> **Data supplied**

BEGIN

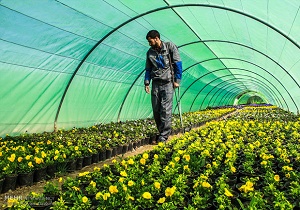 رونق کشت گلخانه‌ای در استان 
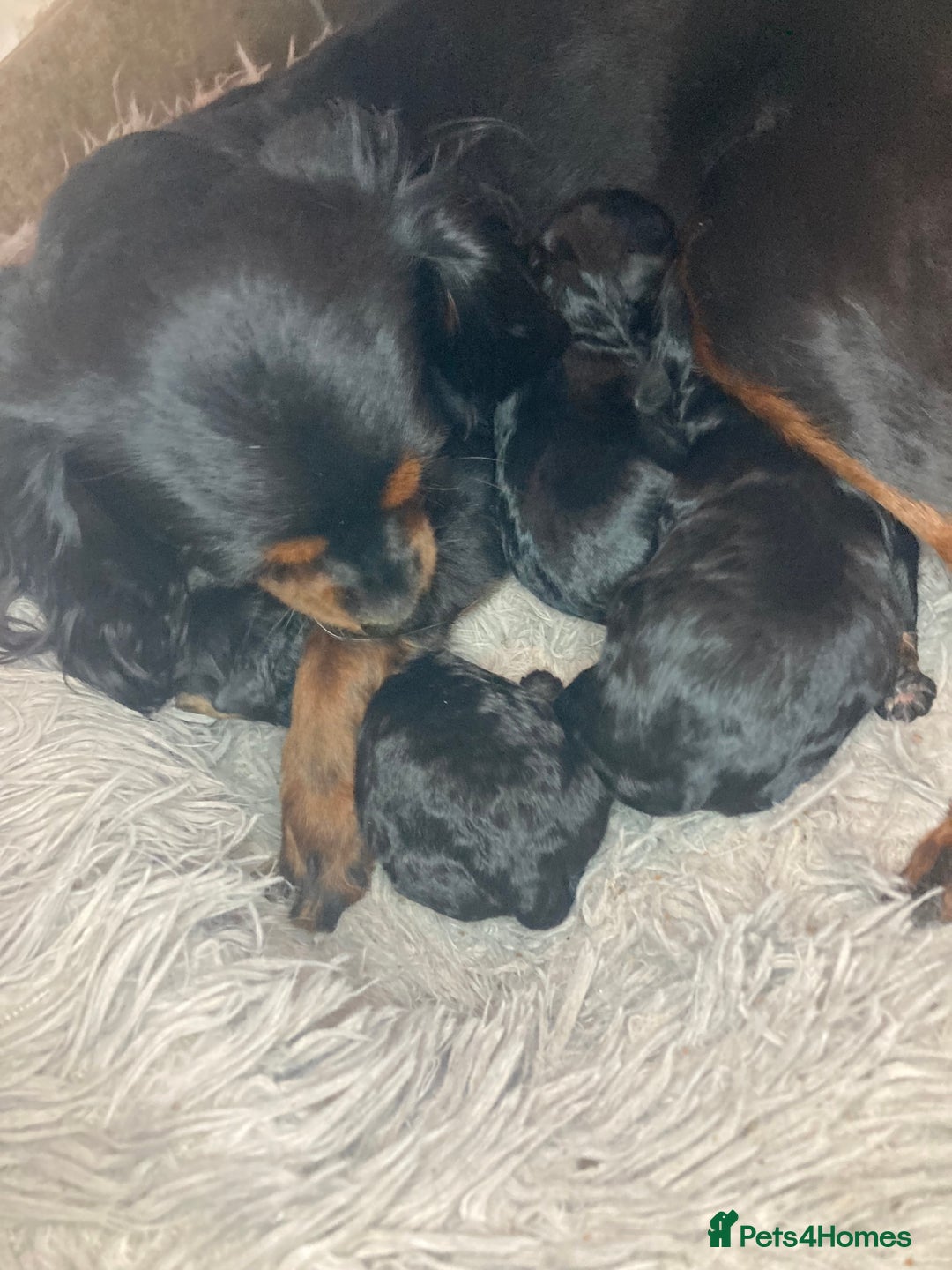 Cavapoo dogs for sale: Phantom Toy cavapoo puppies  - Image 6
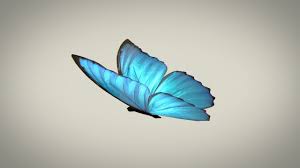 Download 51,832 butterfly cartoon stock illustrations, vectors & clipart for free or amazingly low rates! After Effects Tutorial Animate Butterfly Bird Youtube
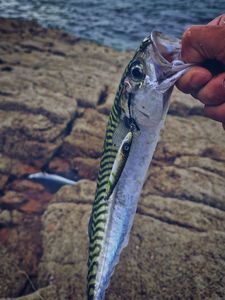 Mackerel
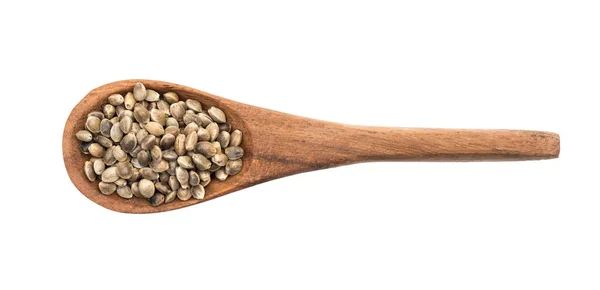 Spoon with hemp seeds — Stock Photo, Image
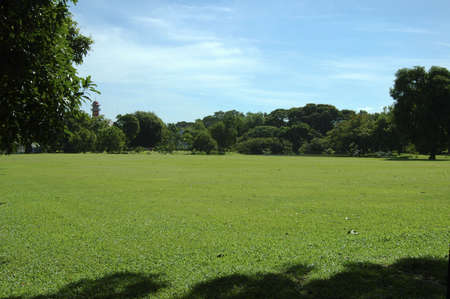 Greenの写真素材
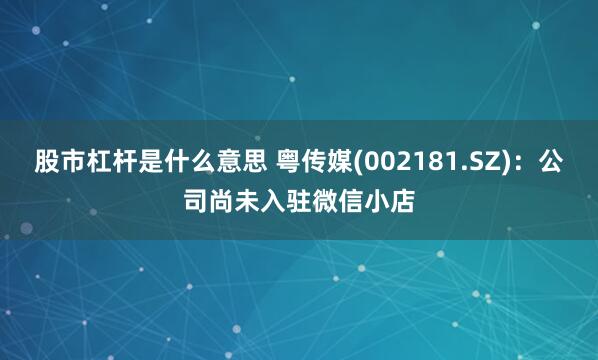 股市杠杆是什么意思 粤传媒(002181.SZ)：公司尚未入驻微信小店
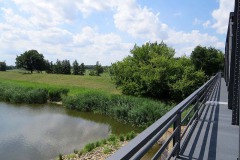 IMG_0011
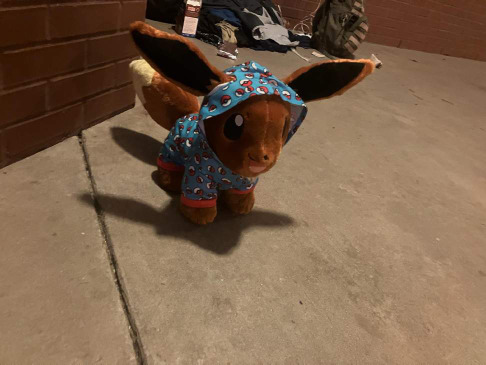 PJ Eevee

END

> **Problem to work on**
Transcribe the listing exactly, skipping pictures.

> **Answer to the exercise**
 رونق کشت گلخانه‌ای در استان 
 Cavapoo dogs for sale: Phantom Toy cavapoo puppies  - Image 6
 Download 51,832 butterfly cartoon stock illustrations, vectors & clipart for free or amazingly low rates! After Effects Tutorial Animate Butterfly Bird Youtube
 Mackerel
 Spoon with hemp seeds — Stock Photo, Image
 Greenの写真素材
 股市杠杆是什么意思 粤传媒(002181.SZ)：公司尚未入驻微信小店
 IMG_0011
 PJ Eevee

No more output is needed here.